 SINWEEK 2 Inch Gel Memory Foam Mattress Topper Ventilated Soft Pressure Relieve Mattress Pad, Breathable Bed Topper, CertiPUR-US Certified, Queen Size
§
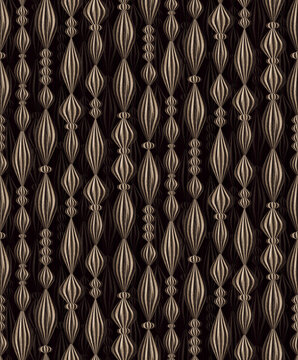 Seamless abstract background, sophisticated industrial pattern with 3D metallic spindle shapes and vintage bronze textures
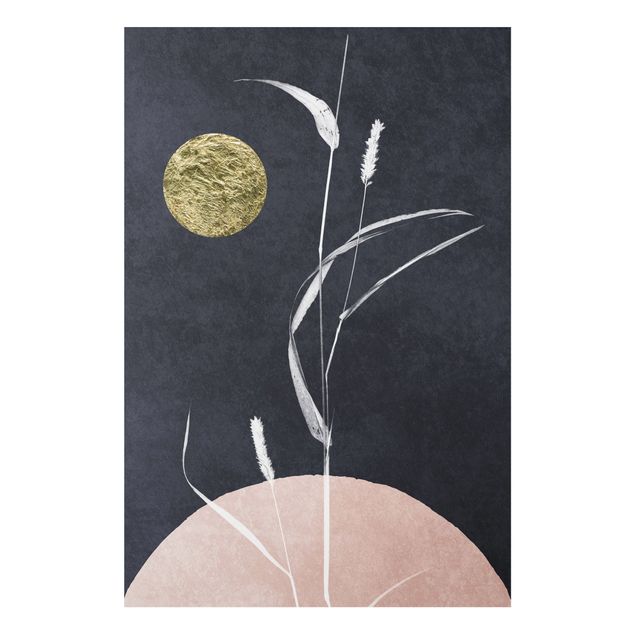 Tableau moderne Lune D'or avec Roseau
§
# [Problem to work on]
Word for word, retype the lines in the entries above that run from the one with "Seamless abstract background, sophisticated" through the one with "Tableau moderne Lune D'or avec Roseau". Both ends count; pictures do not.

# [Task solution]
 Seamless abstract background, sophisticated industrial pattern with 3D metallic spindle shapes and vintage bronze textures
 Tableau moderne Lune D'or avec Roseau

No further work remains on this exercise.